I am at least 3 stone overweight but I wanted to branch out from my usual black/navy and bought (what I thought was) a lovely wrap dress. I tried it on once and liked it but on the day I felt like such a frump. I caught sight of myself in a window and my mood plummeted and despite the incredible joy of the day, I just couldn't get out of my own head.
I saw some photos today and it's just as bad as I thought. The dress was probably a bit too big, draped in all the wrong places and I feel so ashamed and embarrassed. Several people told me I looked beautiful but in my head I'm just stuck on 'how did you let yourself get THAT fat?'
Obviously, I doubt very much anyone was actually looking at me - the bride and groom were far more interesting - but I still feel shame and disappointment in myself.
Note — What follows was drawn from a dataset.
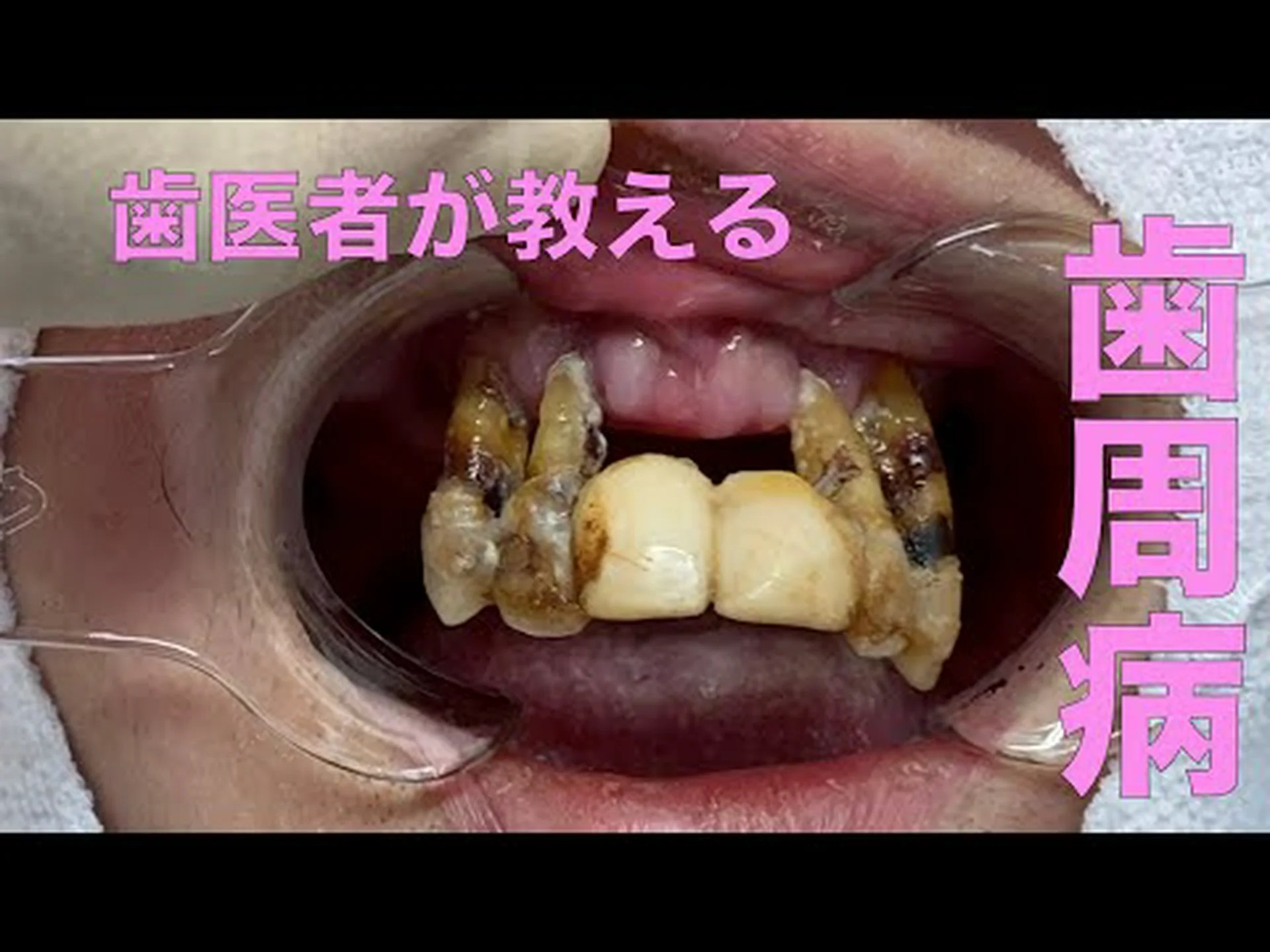 腐った歯は肺にダメージを与える 腐った歯は肺にダメージを与える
I took the dress out of the washer today and if it weren't for the fact it cost £100, I would have thrown it in the bin.
Obviously this is a wake up call to get my arse into gear but I just feel such shame, as though I've finally seen myself how others see me and I don't even want to go out! I'm actually embarrassed to be me.
I've started WW today (the one thing that consistently works when I put my mind to it) but I'm just gutted I've let it get this bad. And also that on this special day that I'd looked forward to for months, I don't have any photos that I would happily share.
I wish I could be a woman who wears her curves with style and confidence but instead I felt like a fat barrel. Has anyone else had a time like this? Did it spur you on to make positive changes? I really could do with some hope.